What, exactly, is a rice cake? (Anderson)
I keep finding myself wondering: what, exactly is the painted rice cake? Is it a
symbol? Does it represent something? A class of things? Reading “Painting of a
Rice Cake”, my great temptation is to think about this image as though it was a
metaphor for something. This assumes that the rice cake somehow harbors within
it the unifying logic that holds this short text together; if I can crack the
riddle of the meaning of the rice cake—or so my thinking goes—I will gain insight
into the whole. Although I am increasingly suspicious of any attempt to find Dōgen’s
skeleton-key, here is a highly provisional swipe in that direction. What
follows is a crude oversimplification of what seems to be happening in
these six short pages.
What does it mean that a rice cake is painted? In the West we
often interpret representational painting—or, more broadly, representation as
such—as a false copy of an otherwise real object. The actual rice cake and
the painted rice cake, we might say, have two different degrees of realness: that
of the rice cake itself, which is exactly what it purports to be—and satisfies
hunger accordingly—and that of the painting, which is absolutely real to the
extent that it has the power to produce some of the same (primarily visual) experiences
as an actual rice cake, but lacks the substance required to satisfy hunger. Thought
of in this way, it makes some sense to distinguish between them, and to say, with Dōgen’s learned “skin bags”, that the former has the power to satisfy
hunger, while the latter does not (445). Of course, these distinctions don’t end
with rice cakes and paintings of rice cakes; when we think this way, the whole
world begins to sort itself into categories which reflect different degrees of
realness. Dōgen on the other hand, seems to want to correct this sort of dualistic
thinking, insisting that “the coming and going of birth and death is a
painting. Unsurpassed enlightenment is a painting. The entire universe and the
open sky are nothing but a painting” (446). That is, we must not distinguish
between a painting and even life’s most serious concerns, exalting one as the
weighty matter that it is and denigrating the other as a mere facsimile.
What about the rice cake itself? Here, Dōgen’s point seems to
be that we are inclined to make an even more basic distinction between a rice
cake and any other object.
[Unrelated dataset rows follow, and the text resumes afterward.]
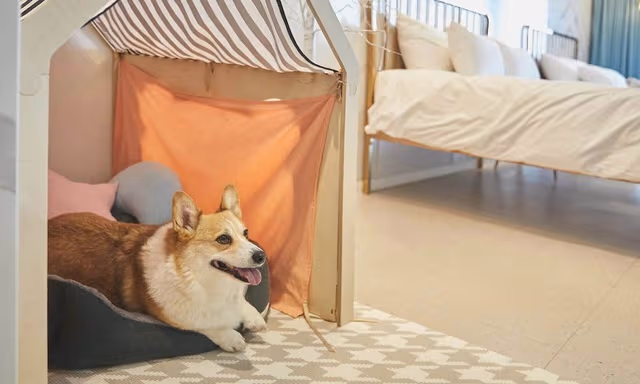 PHIPHI PET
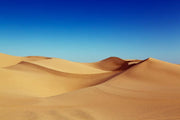 Desert Under Blue Sky Wall Mural-Landscapes & Nature-Eazywallz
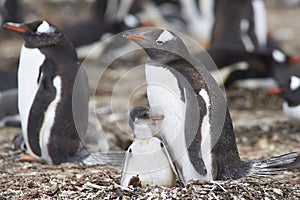 Gentoo Penguin with chick - Falkland Islands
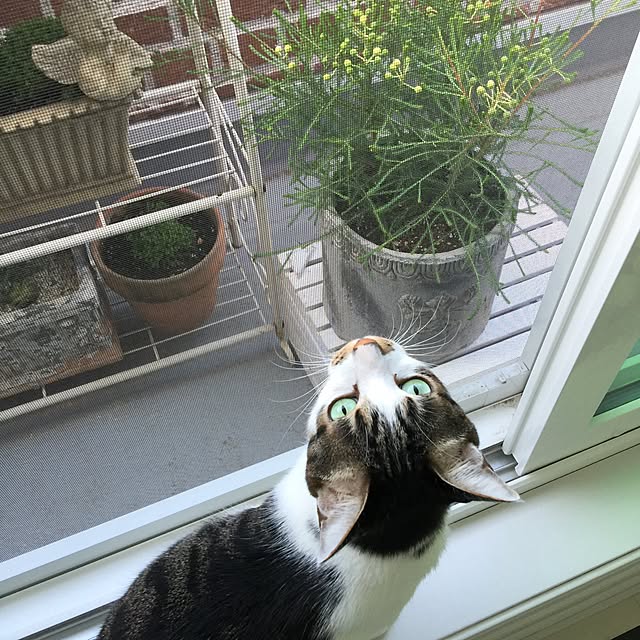 yuchiさんの実例写真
Or, more to the point, we distinguish between any one object and any other object.
Perhaps another version of this same distinction is that between a particular
object and the general category to which that object belongs. Dōgen says at one
point that “a painting is all-inclusive, a rice cake is all-inclusive, things
are all-inclusive”, seeming to suggest that our customary distinction between
any particular thing and all other things is nothing but an illusion (446). A painting,
a rice cake, or anything at all, he seems to be saying, is also every other
thing.
With this idea, Dōgen seems to be picking up philosophy’s
most pervasive and fundamental question: the relationship between the many and
the one, between the general and the particular. But how can it be that a
singular thing—such as a rice cake or a painting—can also be said to be all things? If we accept that a thing is
all-inclusive, doesn’t that all-inclusiveness undermine our ability to identify
it as the particular thing that it surely is? Is it not, in other words, robbed
of its identity? We certainly seem to treat things as though there are
differences between them. Is that a mistake? It appears to be a perilous path that
Dōgen is starting down.
In the hands of another thinker, the question about what connects
one thing and the general class to which it belongs might find a solution in
the form of an account that holds that the world is made up of individual
things which somehow belong to, or participate in, general classes containing
many such objects. An account of this kind might have good reason to claim to
have reconciled the general with the particular if it can explain just how that
‘belonging’ or ‘participating’ works. But Dōgen seems to want to do something entirely
different, insisting instead on what strikes me as a much more radical view that holds that a particular
already is the general, and that
there is essentially no distinction between
things in the first place. If a rice cake is all-inclusive, as Dōgen suggests, it
is unnecessary to explain how that rice cake is related to all other things. Rather
than solving the underlying philosophical problem, this approach instead implies that there is no problem to be solved at
all. Moreover, Dōgen’s position seems to be that, inasmuch as we do perceive the relationship among the
world’s myriad objects as a problem requiring an explanation, it is we ourselves
who are projecting that problem onto a world which, encountered on its own
terms, requires no explanation.
Viewed in this way, a painting of a rice cake is a rice cake; a painting of a rice cake also satisfies hunger. As Dōgen says, “[r]ice cakes are not separate from hunger. Rice cakes are not separate from rice cakes” (446). If we perceive a need for distinctions here, we aren’t seeing things for what they are.